* [EXERCISE INSTRUCTIONS]: Pictures must not appear in the copy. Restate exactly the lines below from the one with "I find myself" through the one with "And then over here, and", inclusive.

* [PROVIDED RECORDS]:
====

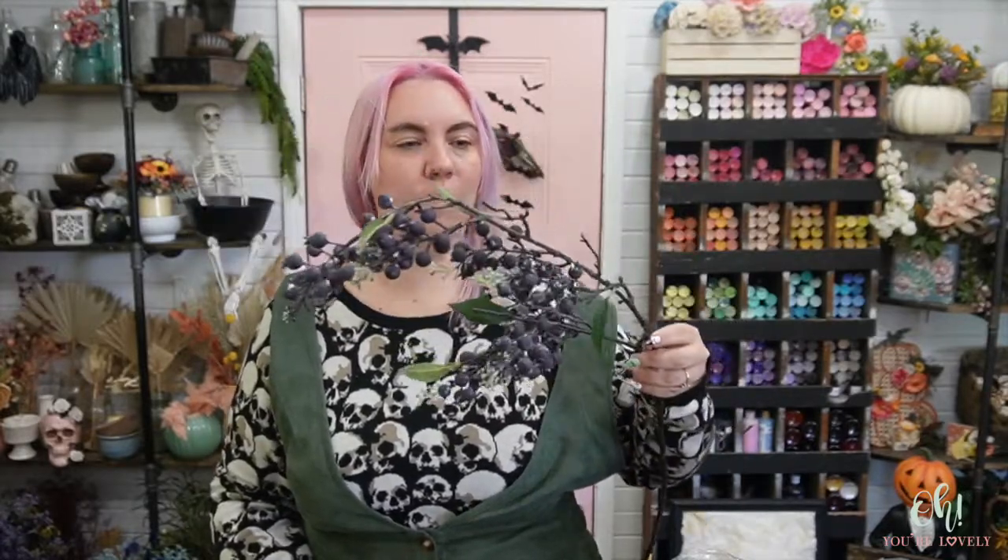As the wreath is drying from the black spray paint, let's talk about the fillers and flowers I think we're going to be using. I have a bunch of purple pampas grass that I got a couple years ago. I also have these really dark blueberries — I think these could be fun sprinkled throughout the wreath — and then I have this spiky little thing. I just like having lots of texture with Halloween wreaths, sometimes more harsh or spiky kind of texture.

====

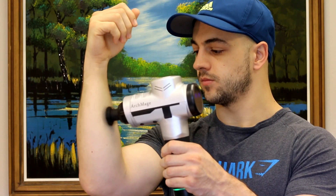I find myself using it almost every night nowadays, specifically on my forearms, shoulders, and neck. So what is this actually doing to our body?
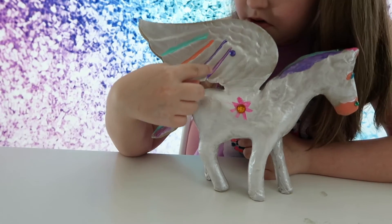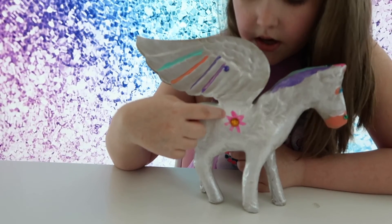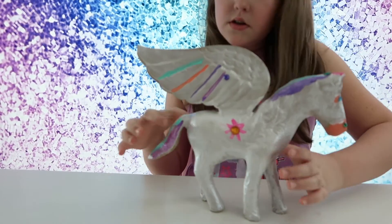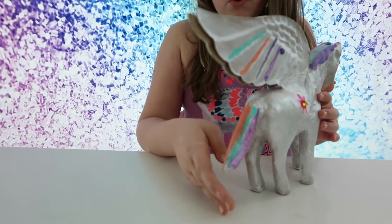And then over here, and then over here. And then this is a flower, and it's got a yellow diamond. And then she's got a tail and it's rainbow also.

====

* [TASK OUTPUT]:
I find myself using it almost every night nowadays, specifically on my forearms, shoulders, and neck. So what is this actually doing to our body?
And then over here, and then over here. And then this is a flower, and it's got a yellow diamond. And then she's got a tail and it's rainbow also.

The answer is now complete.